Task to complete> Start to finish, return the listing exactly as written.

Provided entries>
========================

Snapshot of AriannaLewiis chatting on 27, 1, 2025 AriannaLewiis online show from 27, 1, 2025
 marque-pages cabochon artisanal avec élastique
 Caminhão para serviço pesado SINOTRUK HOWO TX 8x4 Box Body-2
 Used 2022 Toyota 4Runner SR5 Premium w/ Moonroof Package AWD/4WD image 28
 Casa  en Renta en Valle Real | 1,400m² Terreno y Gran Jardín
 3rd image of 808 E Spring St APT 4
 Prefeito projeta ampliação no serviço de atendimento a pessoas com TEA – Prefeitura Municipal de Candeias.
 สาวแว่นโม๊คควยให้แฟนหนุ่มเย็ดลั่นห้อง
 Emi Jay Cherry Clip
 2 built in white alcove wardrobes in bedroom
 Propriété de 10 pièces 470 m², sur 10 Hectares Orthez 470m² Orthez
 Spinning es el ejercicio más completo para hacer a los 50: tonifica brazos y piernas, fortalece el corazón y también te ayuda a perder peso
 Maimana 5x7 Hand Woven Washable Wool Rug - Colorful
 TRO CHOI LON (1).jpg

========================

Written reply>
Snapshot of AriannaLewiis chatting on 27, 1, 2025 AriannaLewiis online show from 27, 1, 2025
 marque-pages cabochon artisanal avec élastique
 Caminhão para serviço pesado SINOTRUK HOWO TX 8x4 Box Body-2
 Used 2022 Toyota 4Runner SR5 Premium w/ Moonroof Package AWD/4WD image 28
 Casa  en Renta en Valle Real | 1,400m² Terreno y Gran Jardín
 3rd image of 808 E Spring St APT 4
 Prefeito projeta ampliação no serviço de atendimento a pessoas com TEA – Prefeitura Municipal de Candeias.
 สาวแว่นโม๊คควยให้แฟนหนุ่มเย็ดลั่นห้อง
 Emi Jay Cherry Clip
 2 built in white alcove wardrobes in bedroom
 Propriété de 10 pièces 470 m², sur 10 Hectares Orthez 470m² Orthez
 Spinning es el ejercicio más completo para hacer a los 50: tonifica brazos y piernas, fortalece el corazón y también te ayuda a perder peso
 Maimana 5x7 Hand Woven Washable Wool Rug - Colorful
 TRO CHOI LON (1).jpg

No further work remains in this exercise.